Frage an Katarina Barley von Dieter D. bezüglich Recht
Sehr geehrte Frau Dr. Barley,
wie kann es sein, daß man einen Serientäter, 2fachen Vergewaltiger und Mörder nach Deutschland zurückholt, weil er im Irak von seiner gerechten Strafe "bedroht" war? Bei uns wird er dann jahrelang auf Kosten des Steuerzahlers in einem Hotel mit der amtlichen Bezeichnung Justizvollzugsanstalt versorgt. Der Fall des ehemaligen Leibwächters von Bin Laden ist genauso unglaublich.
Das alles hat doch mit einem Rechtsstaat, wie ein normaler Mensch ihn sich vorstellt, nichts mehr zu tun. Den haben wir schon lange nicht mehr, sondern einen verkommenen Staat, der seltsamerweise immer noch so genannt wird. Es muß Ihnen doch klar sein, daß das erstklassige Methoden sind, um Fremdenhaß zu fördern. Es trifft aber auch die anständigen Einwanderer, also die falschen. Die Täter sitzen bei uns in den Behörden und Gerichten. Wenn das alles auf gesetzlicher Grundlage bei uns so geregelt wird, dann ist doch eine Gesetzesänderung längst überfällig.
Warum muß ich Ihnen das überhaupt schreiben? Warum höre ich nicht in den Nachrichten, daß Sie über solche Fälle empört sind und für Änderung sorgen?
Mit freundlichem Gruß
D. D.
Sehr geehrter Herr D. ,
Sie haben Ihr Unverständnis darüber geäußert, dass die Stadt Bochum den mutmaßlichen Islamisten Sami A. nach Deutschland zurückholen muss. Diese Entscheidung des Obersenten Verwaltungsgerichts möchte ich Ihnen gern erläutern:
Wenn Behörden sich nun aussuchen, welchen Richterspruch, sie befolgen und welchen nicht, ist das das Ende des Rechtsstaates. Deshalb muss die hier erfolgte Missachtung des Gerichts korrigiert werden. Im Fall Sami A. hatte das Verwaltungsgericht Gelsenkirchen von den tunesischen Behörden die Versicherung verlangt, dass er in seinem Heimatland menschenrechtskonform behandelt wird. Bis zur Vorlage der tunesischen Zusicherung hatte das Gericht seine Abschiebung untersagt. Mit der Abschiebung hat sich die Verwaltung in Bochum über die Anordnung des Gerichts hinweggesetzt und einen Grundsatz des Rechtsstaatsprinzips missachtet. Die Abschiebung war deshalb zu diesem Zeitpunkt rechtswidrig.

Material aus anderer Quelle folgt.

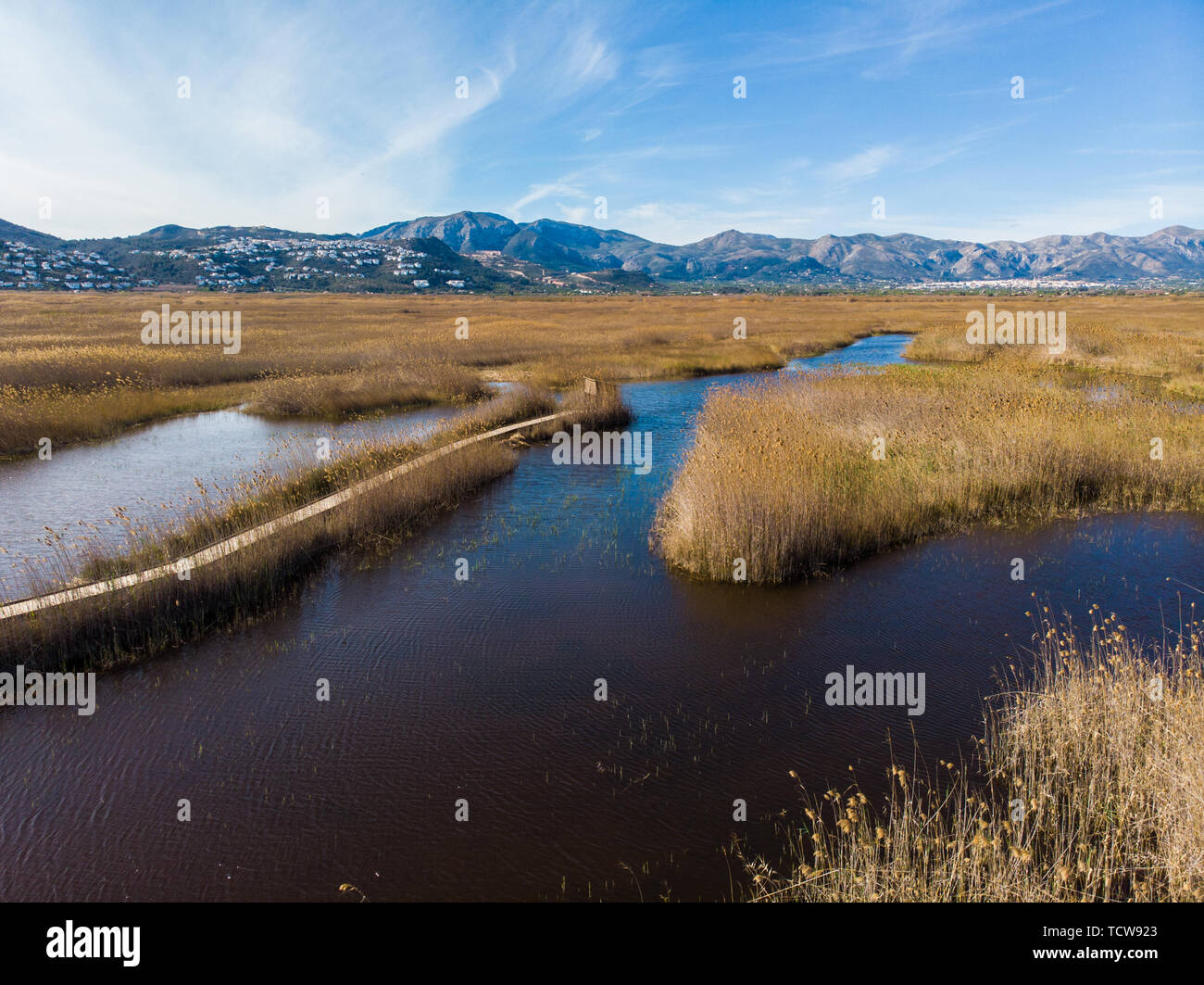 Luftaufnahme von einer hölzernen Pfad über einen Sumpf in den Feuchtgebieten im Naturpark La Marjal Pego und Oliva, Spanien. Stockfoto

Wir leben in einem Rechtsstaat. Zu den Prinzipien des Rechtsstaates gehört die Gewaltenteilung. Sie ist eine in der Verfassung beschriebene Selbstbeschränkung der Staatsorgane und damit ein demokratisches Wesenselement. Sie gehört zu den Grundsätzen, die nicht geändert, ja nicht einmal berührt werden dürfen. Was unabhängige Gerichte entscheiden, muss gelten.
Wichtig ist, dass wir uns an die Regeln, die wir demokratisch aufgestellt haben, auch halten. Gerichte müssen unabhängig von der Mehrheitsmeinung urteilen. Eine Behörde, ein Gericht, auch eine Regierung darf die Regeln nicht mal eben umgehen, weil sie findet, dass gerade eine andere Stimmung im Land herrscht. Das Recht muss angewendet werden und zwar für alle Menschen gleich.
Richter entscheiden unabhängig auf der Grundlage von Gesetzen. Die Politik muss sich dem fügen – nicht umgekehrt. Aber es ist natürlich Aufgabe der Politik, darüber zu diskutieren, ob man die Regeln verändern muss. Da darf es dann keine Denkverbote geben.